I have moved this thread to this arena, where there are some threads on the theme, although none recently.

Quote:
I was once very active in SWC, and have returned to a position where periodic review of the discussion could be useful, but I am noticing what seems to be a shift in type of posts and a drop off in traffic.
There has undoubtedly been change here. Exchanges of views do happen, but may be rarer. In part that reflects in my opinion as an "armchair" participant big changes in the audience, which to my knowledge remains primarily American. War weariness is one factor, plus people simply change career - so once regular posters have retired and work hard in new jobs.

I do not have access to the site traffic data, but there are plenty of readers even if few posts in response. That is why I add in the 'last Edited by' the number of views and sometimes the number since the previous post. That is how I can judge the value of posts. See this thread as an example:http://council.smallwarsjournal.com/...t=8689&page=25 A thread where I was surprised at how many views there had been.

We also have rivals. For example WoTR which takes a far broader viewpoint and a number of former Forum moderators pop up there as authors.

Quote:
Part of the reason for this is undoubtedly the change in warfare. However, there seems to be a relatively robust community on Twitter discussing similar issues, but in what is undoubtedly a worse forum.
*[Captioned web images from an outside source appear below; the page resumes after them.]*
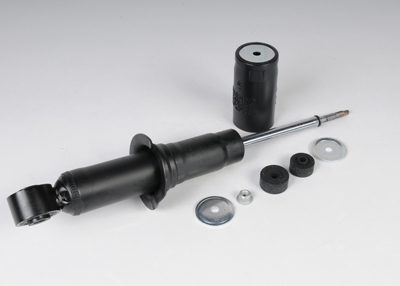 19153641 - Suspension: Shock Absorber for Chevrolet: Colorado | GMC: Canyon Image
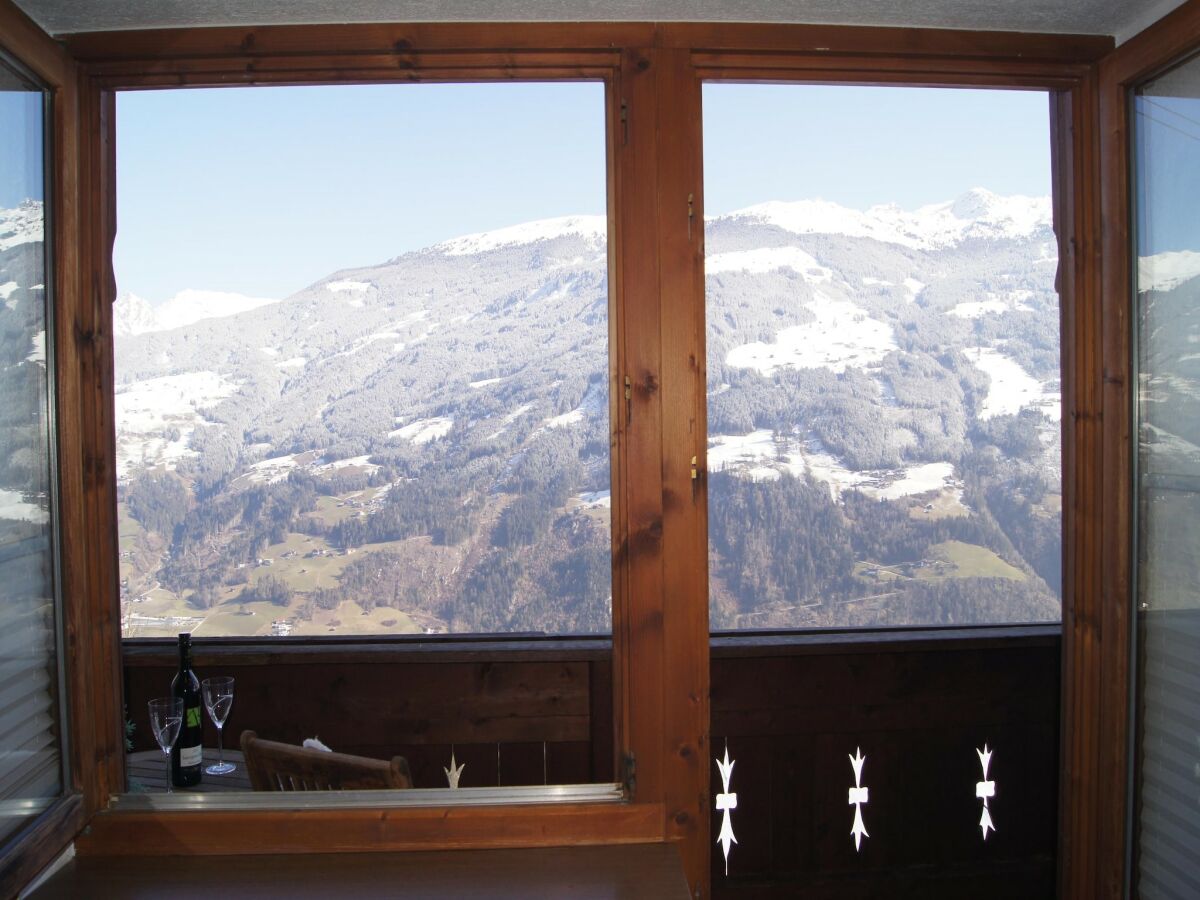 Apartment Holiday apartment near ski area - Outdoor photo 5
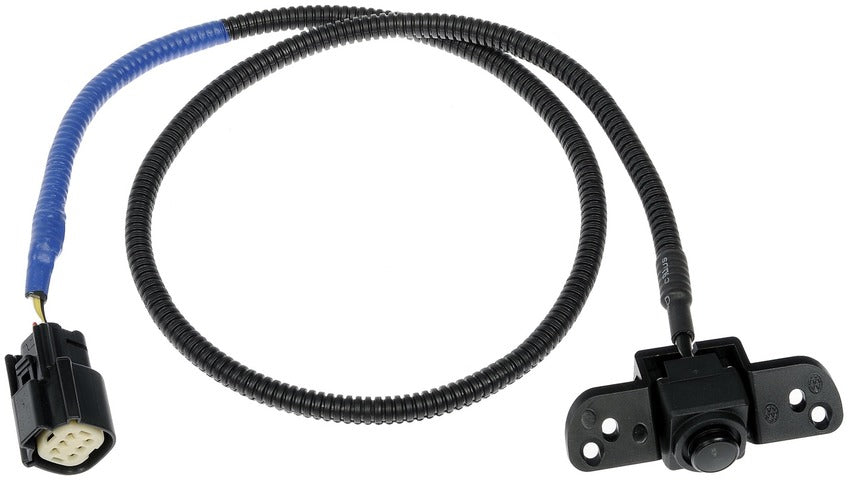 Dorman - OE Solutions Cámara de Asistencia de Estacionamiento P/N:590-106 Fits: Chevrolet Colorado 16-15, GMC Canyon 16-15 - Image 1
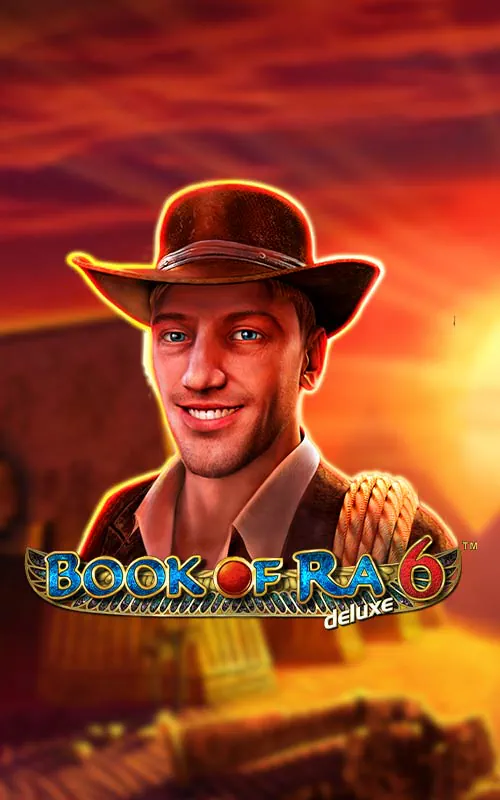 Book of Ra at Red Spins Casino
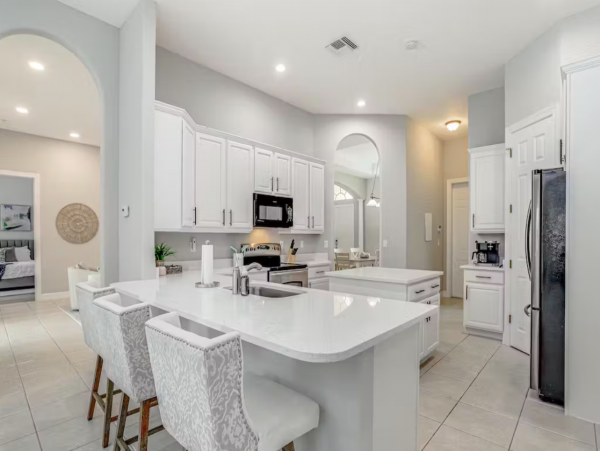 Naples Condo 1048496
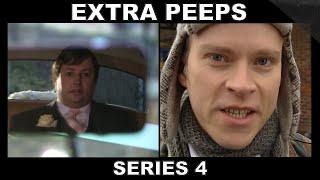 Extra Peeps: A Look at Peep Show's Bonus Material - Series 4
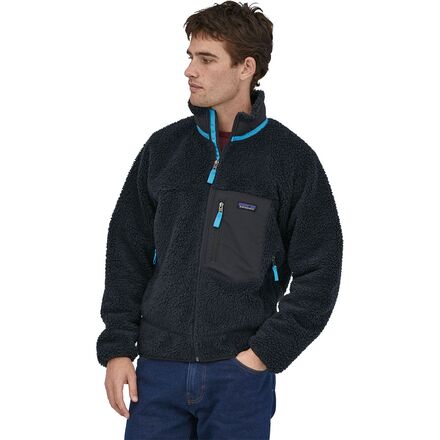 Patagonia Classic Retro-X Jacket Men's Clothing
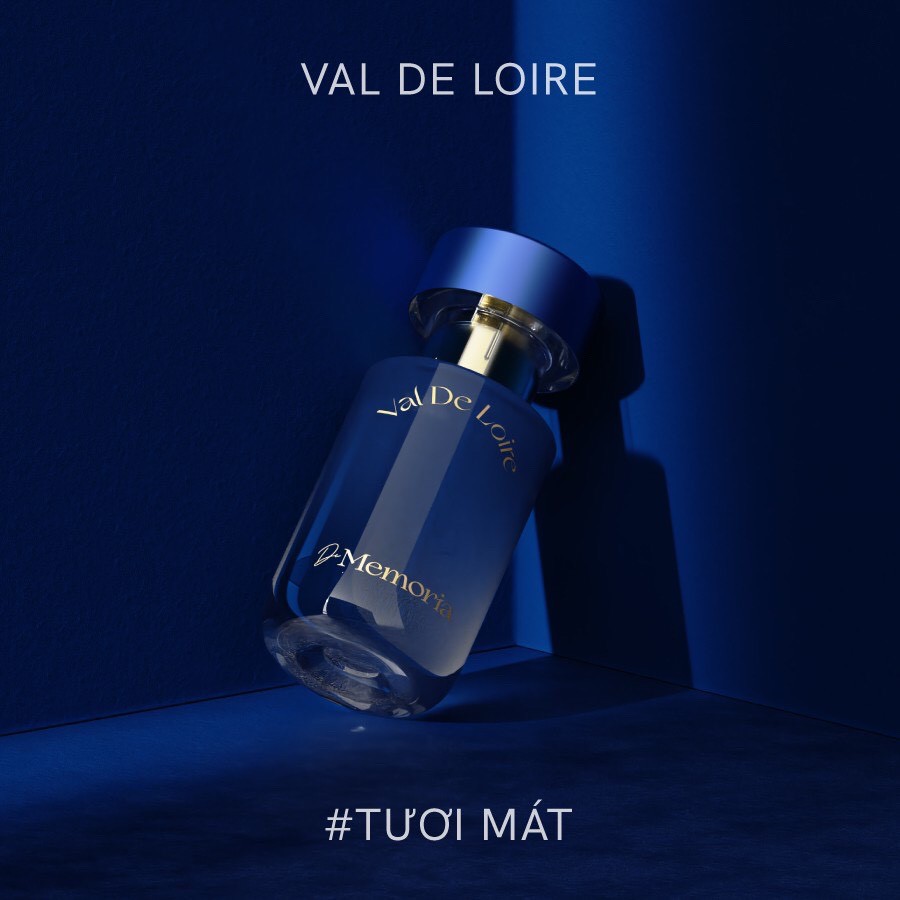 NƯỚC HOA DE MEMORIA HÀN QUỐC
My prompts are, therefore, twofold:
  1. Have the changes in the social media environment fundamentally altered the role of groups like SWC?
  2. Has the changes in the nature of fora helped or hurt the study and practice of warfare

To be clear I'm talking about over the last 15 years. Obviously war is different now from when we communicated by telegram/semaphore/horseback. I have some intuitions, and this is my area of study, but because I haven't been as active here as many others, I'd love to know what you think.
I only observe a tiny part of the professional debate on modern war, from a British viewpoint and cannot fully answer this.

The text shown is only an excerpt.